Вспомнилось, что однажды он подумал, будто брат дразнит его, а мать пришла утешить его.
Сейчас же, обладая опытом последних недель, он лучше понимал смысл этой сцены. В воспоминании имелся центральный психологический момент, сохранявшийся в неизменной форме тридцать восемь лет. Надо было его найти.
Тосковал ли он по матери? Боялся, что ее спрятали в буфете или шкафу? Не поэтому ли требовал, чтобы брат открыл дверцу? Почему, когда дверца была открыта и он увидел, что матери там нет, он вдруг стал кричать?

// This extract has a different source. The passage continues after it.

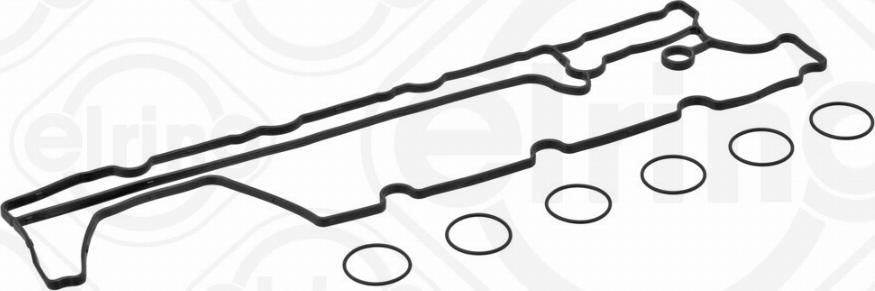 Elring 113.870 - Комплект прокладок, крышка головки цилиндра abcparts.ee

На крике и застыло воспоминание.
В эту ночь ему снилось, что в сцене появилась и так же быстро исчезла старая няня, ухаживавшая за ним во Фрайберге, но не прежде, чем он заметил нечто, имеющее отношение к няне.
На следующий день после обеда он пошел к Амалии, переживавшей смерть Якоба не так остро, как Зигмунд. Казалось, что она помолодела на пятнадцать лет. На ее Щеках выступил здоровый румянец, а губы улыбались. Более чем когда–либо она заслуживала присвоенный ей Детьми титул «фрау Торнадо», передвигая каждые несколько недель мебель для генеральной уборки, сводя Дольфи с ума своей жаждой деятельности. Не впервые Зигмунд заметил, что вдовы, любившие своих мужей, становились моложе во вдовстве, словно вырвались из тюрьмы. Он поцеловал Амалию в обе щеки, а она обняла его. Затем он спросил:
– Мама, ты помнишь, во Фрайберге, когда мне еще не было трех лет, у меня была няня…
– Да, это родственница хозяина дома, слесаря. Ее звали Моника Заиц. – Амалия рассмеялась. – У старушки были проворные пальцы. Когда я носила Анну, она выкрала вещи, которые, она думала, я не стану искать. Когда я встала после родов, твой брат Филипп поймал ее и подал на нее в суд.
– Теперь я вспомнил! – воскликнул Зигмунд. – В то самое время я спросил Филиппа, что случилось с Моникой, и он шутливо ответил: «Попала в ящик!»
Позже в эту ночь, когда Марта мирно спала рядом с ним, он лежал, скрестив руки за головой, и, поскольку сон не шел, стал складывать воедино фрагменты сновидения. Он помнил сцену, вызванную страхом, что мать запрут в ящике; она, очевидно, ушла на несколько часов, так же как и няня исчезла за день до этого. Он боялся, что Филипп спрятал мать. Распутывая нити, он стал сознавать, почему мать казалась ему изящной и красивой. Еще недавно она была беременной, и, когда родилась Анна, Зигмунд ревниво воспринимал внимание, которое оказывали ребенку родители. С одной стороны, он не хотел, чтобы мать «попала в ящик», как няня, но в более глубоком смысле не хотел ничего в ящике, то есть в утробе матери. Он не хотел, чтобы у нее были еще дети. Не поэтому ли он перестал вопить и почувствовал облегчение, когда она вошла в комнату худенькая, без ребенка?
Он встал, накинул халат, прошел через холл в свой кабинет, выходивший на Берггассе, заметил тусклые газовые фонари на опустевшей улице и затемненные окна Экспортной академии напротив. Еще один и намного более серьезный вывод пришел ему на ум. За год до рождения Анны у Амалии родился сын, которого назвали Юлиусом. С момента его появления Зигмунд был переполнен ненавистью к брату. Кончина полугодовалого Юлиуса оставила след вины в сознании Зигмунда. Не желание ли породило действие? Если бы он не желал, чтобы Юлиус умер, мальчик продолжал бы жить. Он убил его! Он смертельно боялся, что родители обнаружат его вину. Освободился ли он по–настоящему от чувства вины? Теперь он знал, что инцидент не был выброшен из его подсознания. Он был подавлен и выходил наружу только в виде экранных воспоминаний. Несомненно, неистребимое чувство греха стало причиной его легкого невроза в детстве и молодости. И если это чувство вины за убийство младшего брата было все еще живо, пусть и подавлено, и он ощущал его даже в настоящий момент, то сколько других полуфантазий таилось в его подсознании и в подсознании всего человечества, полуфантазий, лишающих людей дееспособности и толкающих их к смерти? А они и не догадываются, какие черти или демоны их преследуют.